Parten recognized six different types of play:
- Unoccupied (play) – when the child is not playing, just observing. A child may be standing in one spot or performing random movements.
- Solitary (independent) play – when the child is alone and maintains focus on its activity. Such a child is uninterested in or is unaware of what others are doing. More common in younger children (age 2–3) as opposed to older ones.
- Onlooker play (behavior) – when the child watches others at play but does not engage in it. The child may engage in forms of social interaction, such as conversation about the play, without actually joining in the activity. This type of activity is also more common in younger children.
- Parallel play (adjacent play, social coaction) – when the child plays separately from others but close to them and mimicking their actions. This type of play is seen as a transitory stage from a socially immature solitary and onlooker type of play, to a more socially mature associative and cooperative type of play.

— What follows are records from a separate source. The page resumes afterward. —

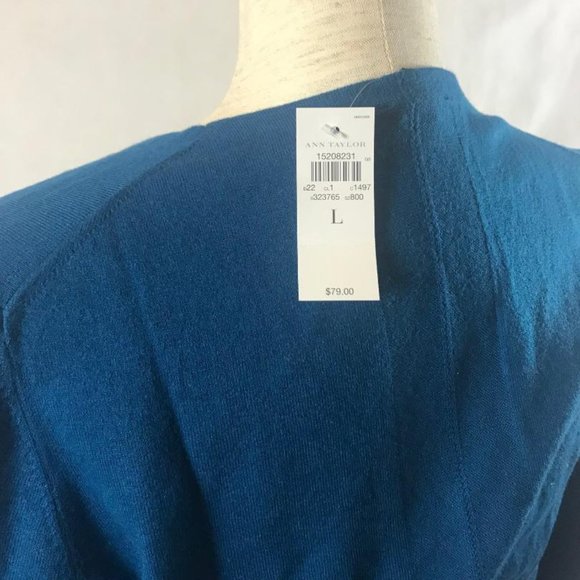 NWT Ann Taylor Dark Ocean Blue V-neck Button-up Cardigan Sweater Size L - Picture 5 of 5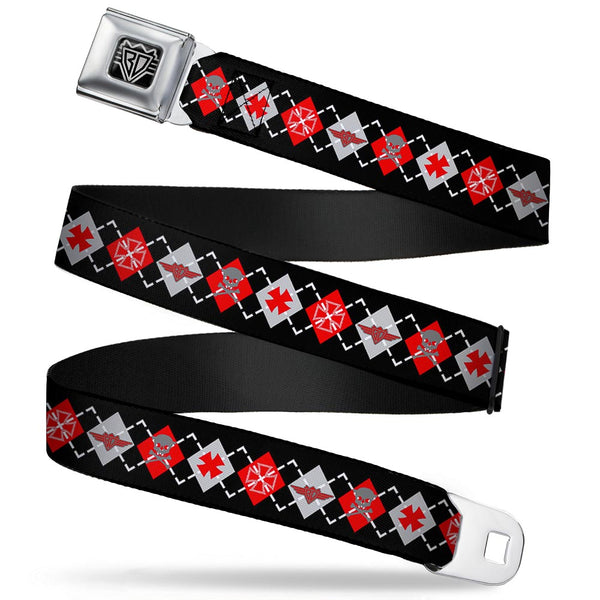 Buckle-Down BD Wings Logo CLOSE-UP Full Color Black Silver Seatbelt Belt - BD Argyle Black/Red/Gray Webbing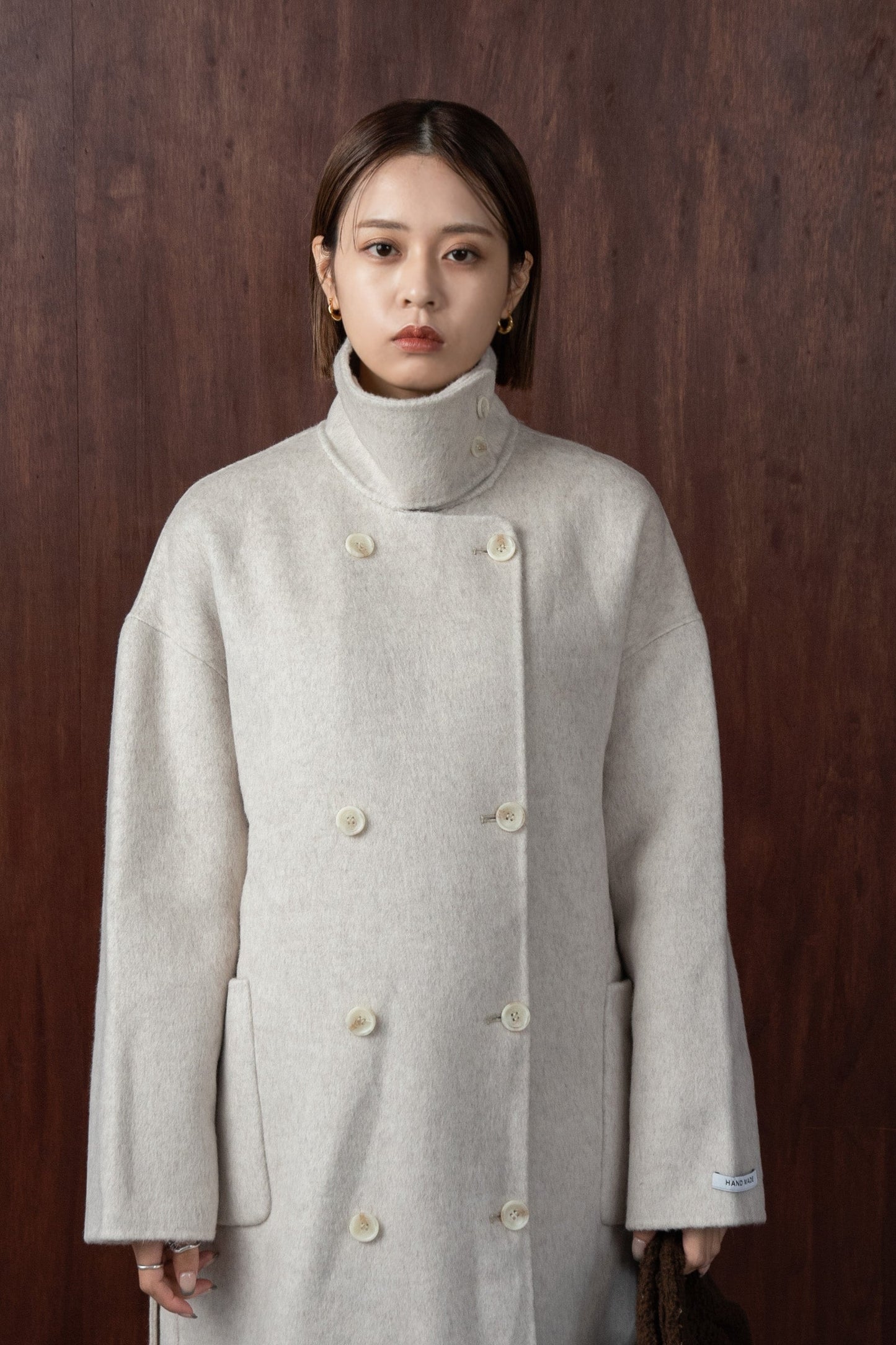 stand neck handmade coat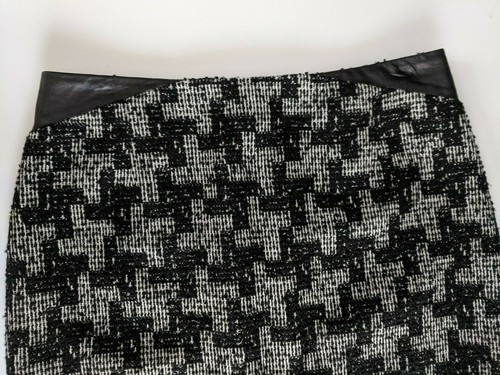 Classiques Entier Womens 12 Straight Pencil Skirt Wool Tweed Black White Leather - Picture 3 of 10
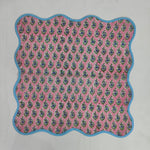 Piping wave scallop napkin, wedding napkin, Set of 4, People pink Flowers on white Fabric, Print by Hand Block,Sustainable Cloth Napkins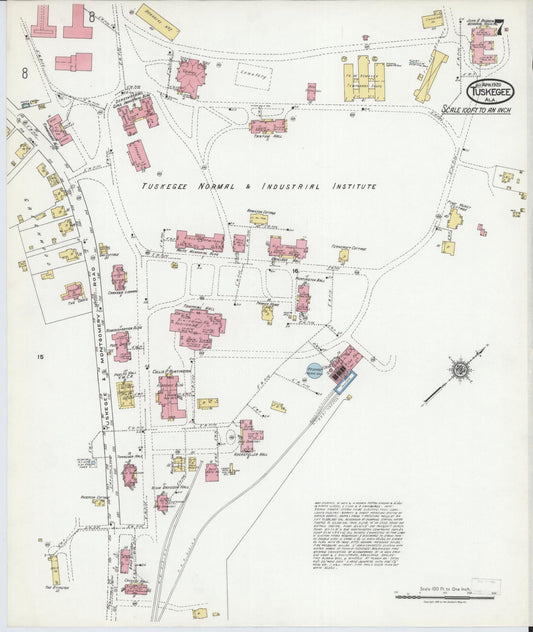 Sanborn Fire Insurance Map from Tuskegee, Macon County, Alabama (1920), Sheet #0007 - Historic Sanborn Fire Insurance Map Print, vintage old map wall art, antique decor, genealogy gift, Alabama Alabama map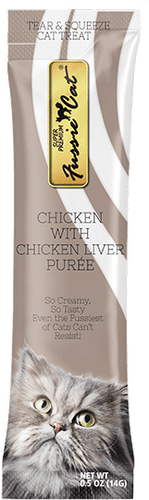 Fussie Cat Chicken with Chicken Liver Puree Lickable Cat Treats - 0.5oz Pouch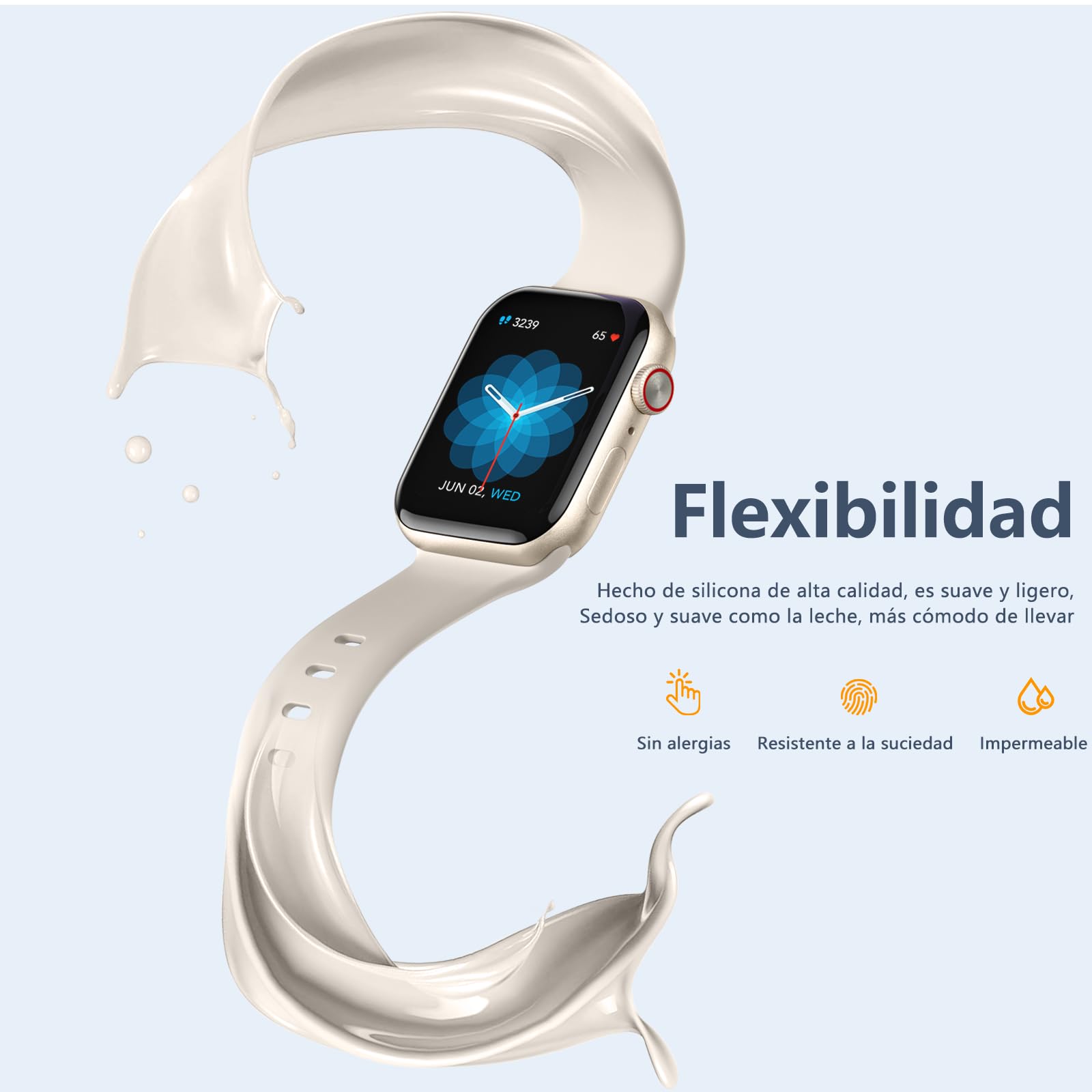 GEAK 6 Piezas Correas Compatible con Correa Apple Watch 38mm 40mm 41mm 42mm 44mm 45mm 46mm 49mm, Correa de Silicona Suave para Apple Watch Ultra 2 iWatch Series 10 9 8 7 6 SE 5 4 3 2 1 Ultra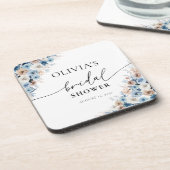 Blue Boho Floral Getränke Coaster Getränkeuntersetzer (Linke Seite)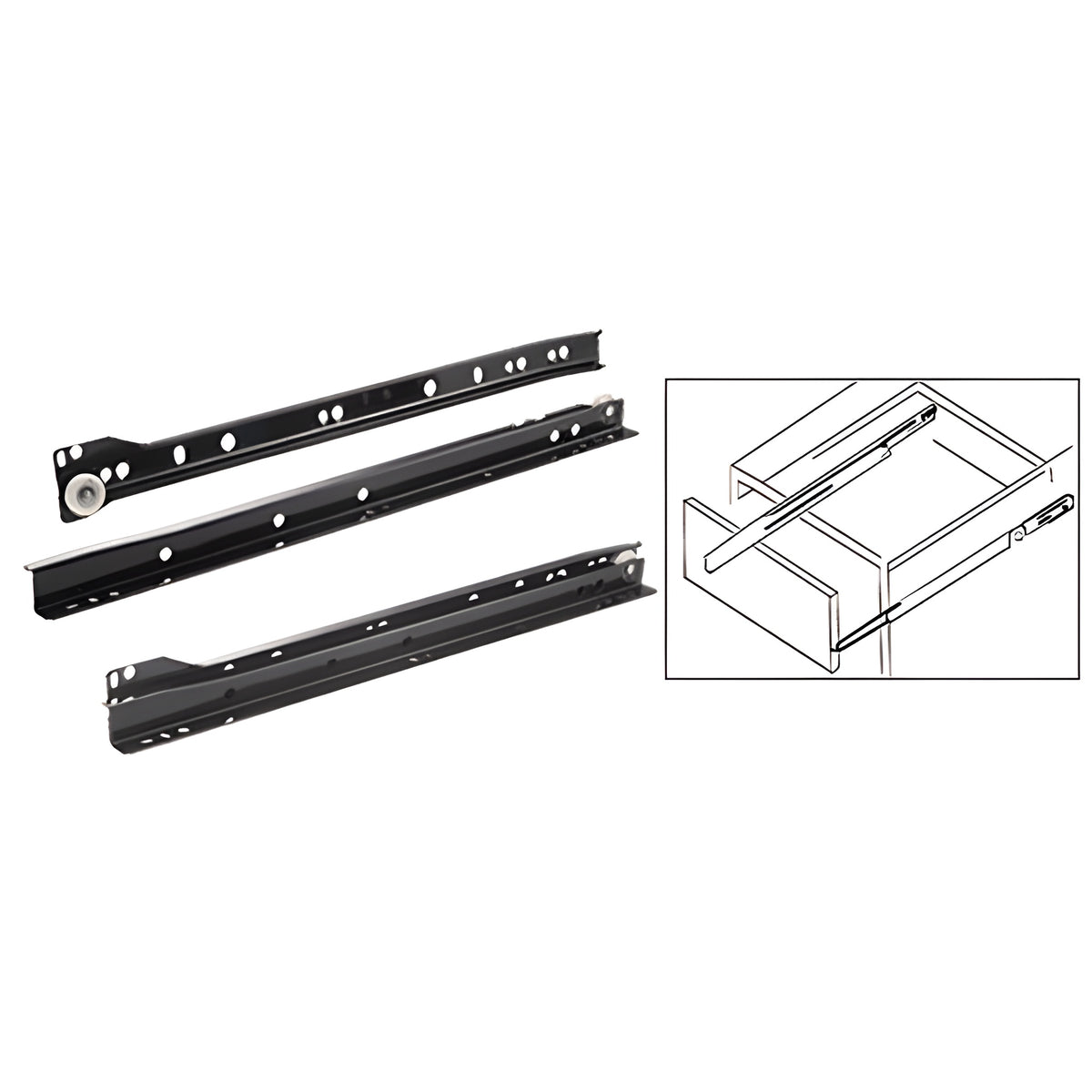 CRL Black 14" Drawer Slides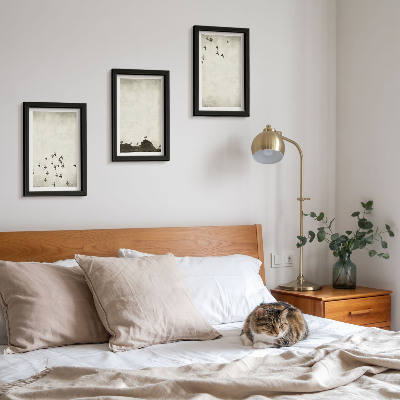 Pakke med billeder og rammer Fugle i flugt malet minimalistisk stil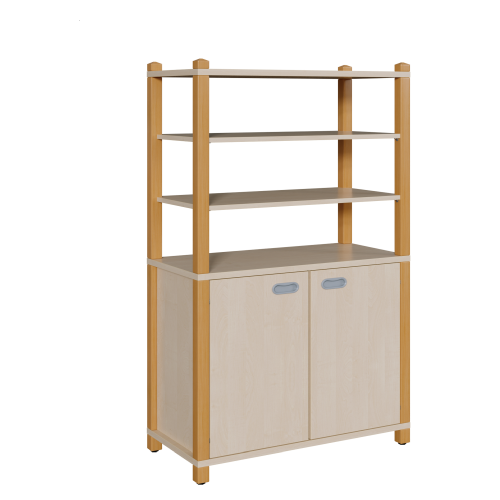 Stollen-Schrank mit 2 Türen, oben 3 offene Fächer B/H/T: 106x160x40 cm,  unten 2 Türen, Mittelwand und 4 Einlegeböden, oben offen mit 2 Einlegeböden, insgesamt 9 Fächer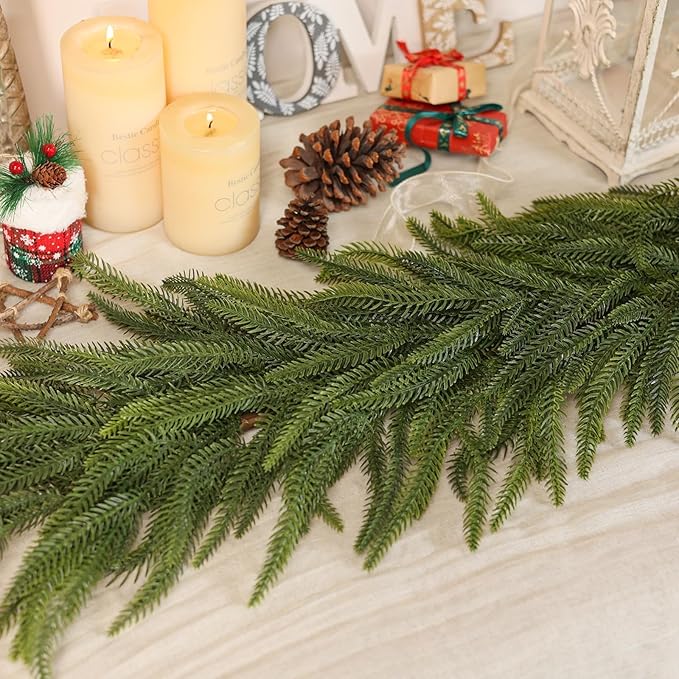 9FT Christmas Norfolk Pine Garland -1PCS, Artificial Pine Needles Garlands Faux Greenery Fake Garland for Holiday Fireplace,Table,Window,Stairs,Mante,Indoor Outdoor Decor
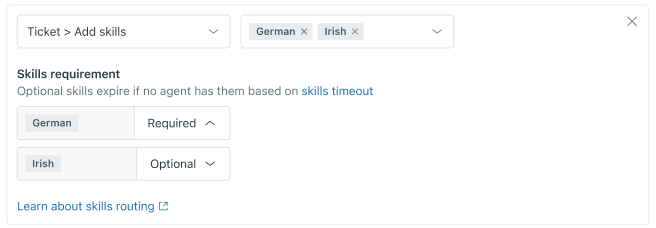 Zendesk skills configuration panel for adding and managing skill requirements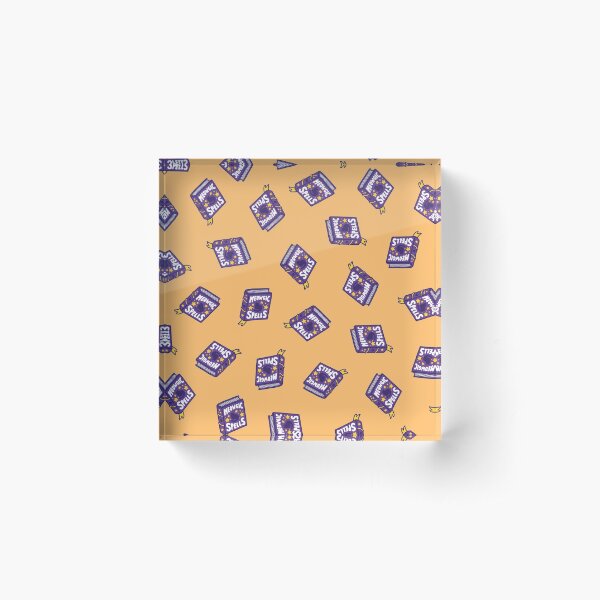Meowgic Spells Book on Orange Acrylic Block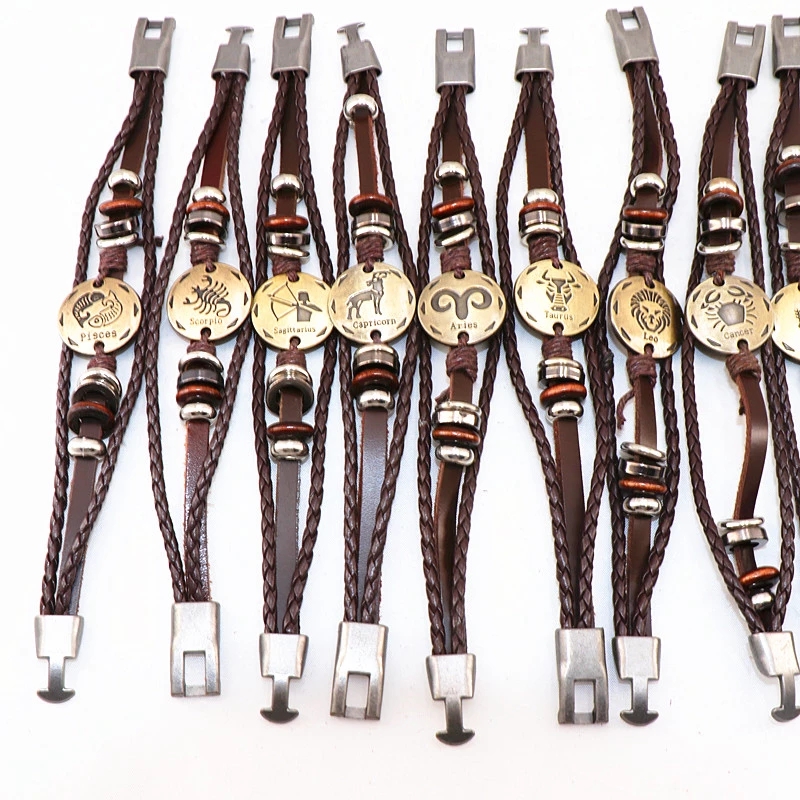 Wholesale 36Pcs/Lot Constellations Leather Bracelet Retro Brown MultiLayer Buckle Punk Woven Zodiac Bangle For Men Women
Wholesale 36Pcs/Lot Constellations Leather Bracelet Retro Brown MultiLayer Buckle Punk Woven Zodiac Bangle For Men Women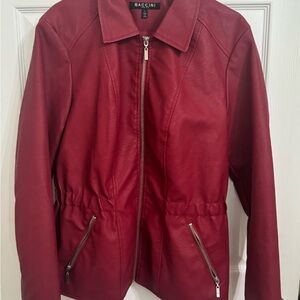 Preloved Baccini Women's Vibrant Red Leather Jacket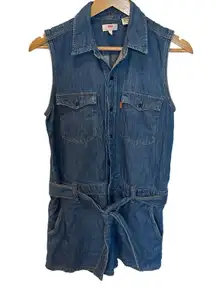 Vintage Levi’s Denim Romper Women XS Blue Orange Tab Retro 70’s Rare Western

- Associative play – when the child is interested in the people playing but not in coordinating their activities with those people, or when there is no organized activity at all. There is a substantial amount of interaction involved, but the activities are not in sync.
- Cooperative play – when a child is interested both in the people playing and in the activity they are doing. In cooperative play, the activity is organized, and participants have assigned roles. There is also increased self-identification with a group, and a group identity may emerge. This is relatively uncommon in the preschool and Kindergarten years, because it requires more social maturity and more advanced organization skills. Examples would be dramatic play activities with roles, like playing school, or a game with rules, such as freeze tag.

According to Parten, as children became older, improving their communication skills, and as opportunities for peer interaction become more common, the nonsocial (solitary and parallel) types of play become less common, and the social (associative and cooperative) types of play become more common.

Modern scholars agree that Parten's theory has contributed substantially to our understanding of play, and while alternative classification schemes have been proposed, Parten's stages of play are still widely used. However, there is disagreement on whether there is indeed a sequence of play stages that children go through – for example, whether toddlers are really unable to play cooperatively, and whether solitary play in older children is less common or a sign of immaturity. Alternative explanations suggest that types of play may be influenced by other circumstances (such as how well the children know one another).